Foreign function interface (FFI)

• Can import foreign functions like this:

  foreign import ccall unsafe "stdlib.h malloc"
      c_malloc :: CSize -> IO (Ptr a)
  foreign import ccall unsafe "stdlib.h free"
      c_free :: Ptr a -> IO ()

  • ccall says use C calling convention (also cplusplus and few others)
  • unsafe promises the C function will not call back into Haskell
  • unafe faster than safe, but gives undefined results if call triggers GC
• Spec for import string: "[static] [c-header] [&][c-name]"
  • static optional unless c-name is dynamic or wrapper
  • c-header is a single .h file with the declaration (ignored by GHC)
  • "&" imports pointer rather than function (required for FunPtrs)
• See language spec for other FFI features
  • Call C function pointers or turn Haskell functions into C function pointers
  • Export Haskell functions for static linking to C code

FFI types

• FFI function arguments must be basic foreign types
  • Char, Int, Double, Float, Bool, Int8, Int16, Int32, Int64, Word8, Word16, Word32, Word64, Ptr a, FunPtr a, and StablePtr a
  • Also accepts any type or newtype wrappers for basic types (CInt, CChar, etc.)
    [Documentation incorrectly says data CInt, but :i in GHCI reveals truth.]
• FFI function results can be
  • Any valid argument type
  • () (for functions returning void)
  • IO a where a is either of the above two
• Place result in IO if function has side effects or non-determinism

  • Okay to omit if it is a pure C function:

    foreign import ccall unsafe "arpa/inet.h ntohl"
        ntohl :: Word32 -> Word32

  • Haskell can't check C purity, so omitting IO can cause problems

hsc2hs

• How to access C constants and data structures?

  struct mystruct {
    char *name;
    int value;
  };

  • Might model with opaque placeholder type

  data MyStruct           -- no constructors, just a placeholder
  getValue :: Ptr MyStruct -> IO CInt
  getValue ptr = peek $ ptr `plusPtr` 8 -- breaks on 32-bit arch

• hsc2hs is pre-processor that lets you compute C values

  #include "myheader.h"
  getValue ptr = peek $ ptr `plusPtr`
                 #{offset struct mystruct, value}

  • Super-simple implementation just uses C macros and printf
  • Find the file template-hsc.h on your system to see defs of # commands
  • Can also define your own macros with #let (like #define w/o parens)

Exceptions

• We've seen a few functions that "return" any type

  undefined :: a
  error :: String -> a

  • Return type can be arbitrary because function doesn't actually return

• These functions throw language-level exceptions

  • To use exceptions directly, import Control.Exception as follows:

  import Prelude hiding (catch)
  import Control.Exception

  • Prelude has an old, less general version of catch you should avoid
    (hiding keyword prevents import of specific symbols)

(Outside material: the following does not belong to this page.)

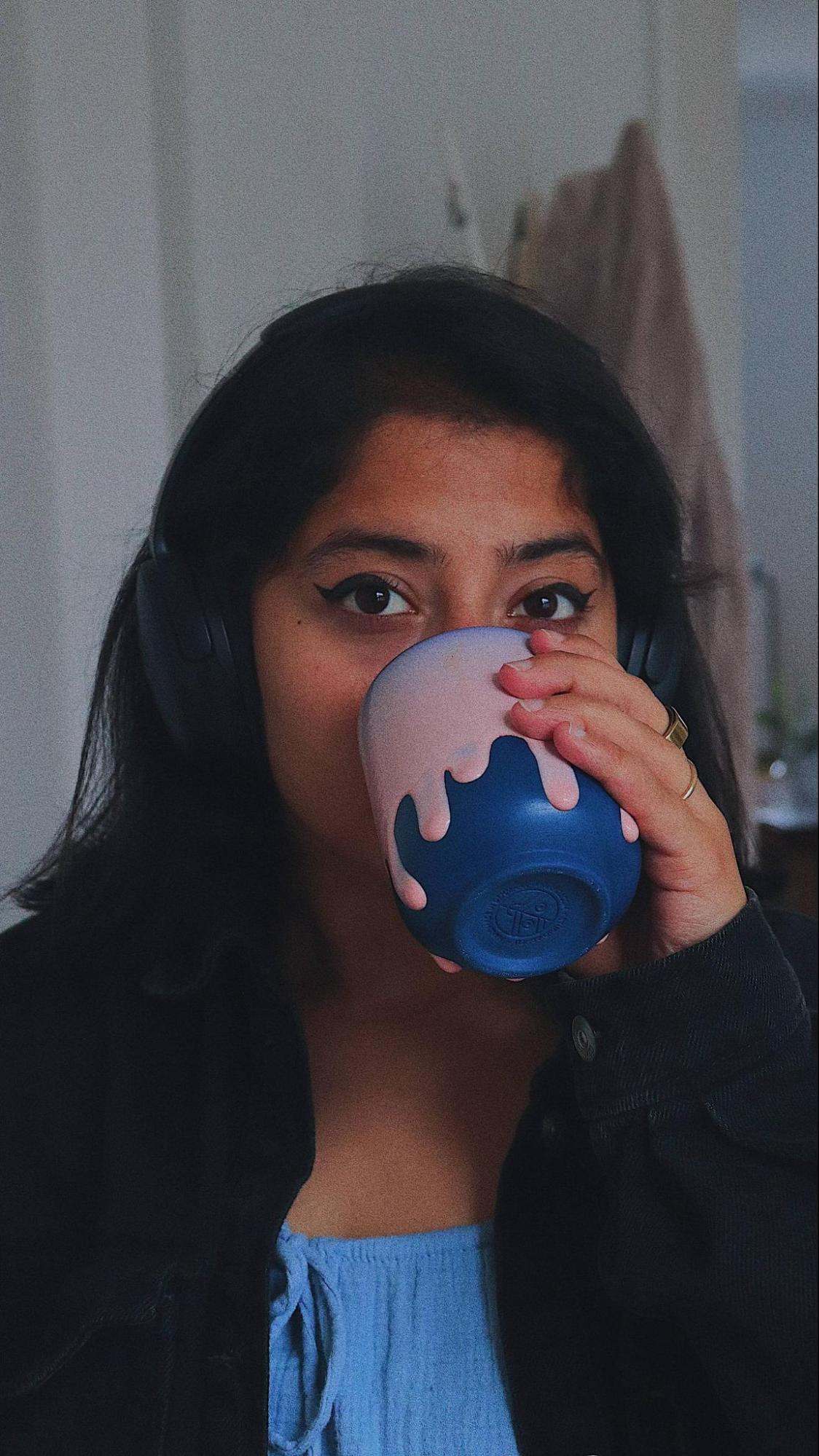 Abstract blue lines and dots on black background.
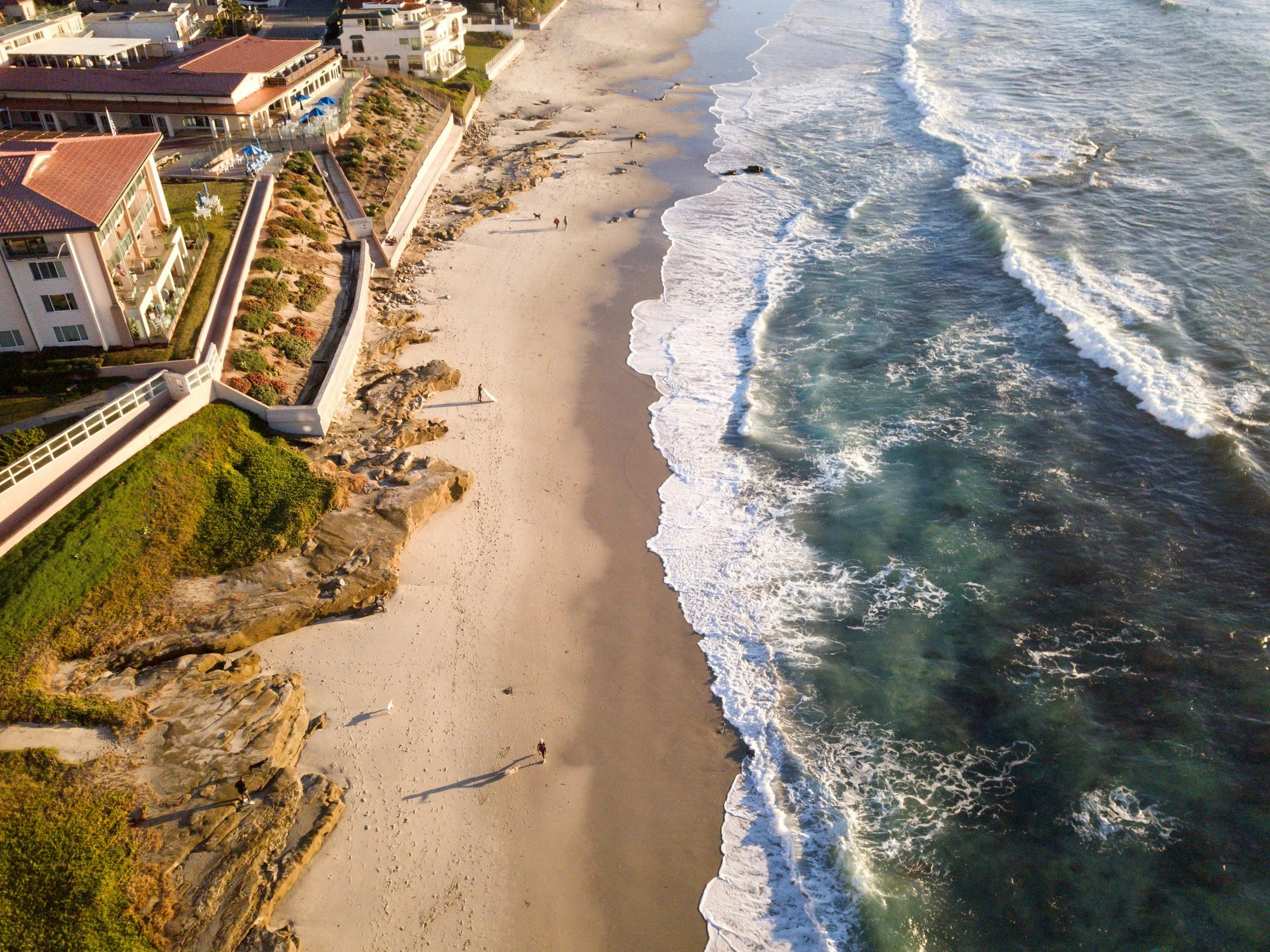 An aerial view of the beach at La Jolla, San Diego. People walk along the sand as waves break against it. Large houses line the edge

  • Control.Exception gives you access to the following symbols:

  class (Typeable e, Show e) => Exception e where ...
  throw :: Exception e => e -> a
  throwIO :: Exception e => e -> IO a
  catch   :: Exception e => IO a -> (e -> IO a) -> IO a

Simple example

{-# LANGUAGE DeriveDataTypeable #-}

import Prelude hiding (catch)
import Control.Exception
import Data.Typeable

data MyError = MyError String deriving (Show, Typeable)
instance Exception MyError

catcher :: IO a -> IO (Maybe a)
catcher action = fmap Just action `catch` handler
    where handler (MyError msg) = do putStrLn msg; return Nothing

*Main> catcher $ readFile "/dev/null"
Just ""
*Main> catcher $ throwIO $ MyError "something bad"
something bad
Nothing

• Need DeriveDataTypeable language pragma (later lecture)
• handler's type cannot be inferred (use constructor or type signature)
  • Constructor pattern e@(SomeException _) catches all exceptions

Exceptions in pure code

• Previous example wrapped catcher around an IO action
• Can throw exceptions in pure code, yet catch them only in IO
  • This is because evaluation order depends on implementation
  • Which error is thrown by (error "one") + (error "two")?
    Can be non-deterministic, which is okay if catch is restricted to the IO Monad

• In IO, use throwIO (not throw) to make exception sequencing precise

      do x <- throwIO (MyError "one")  -- this exception thrown
         y <- throwIO (MyError "two")  -- this code not reached

• Beware catch only catches exceptions if code actually evaluated

  pureCatcher :: a -> IO (Maybe a)
  pureCatcher a = (a `seq` return (Just a))
                  `catch` \(SomeException _) -> return Nothing

  *Main> pureCatcher (undefined :: String)
  Nothing
  *Main> pureCatcher (undefined:undefined :: String)
  Just "*** Exception: Prelude.undefined
  

A few more exception functions

• try returns Right a normally, Left e if an exception occurred

  try :: Exception e => IO a -> IO (Either e a)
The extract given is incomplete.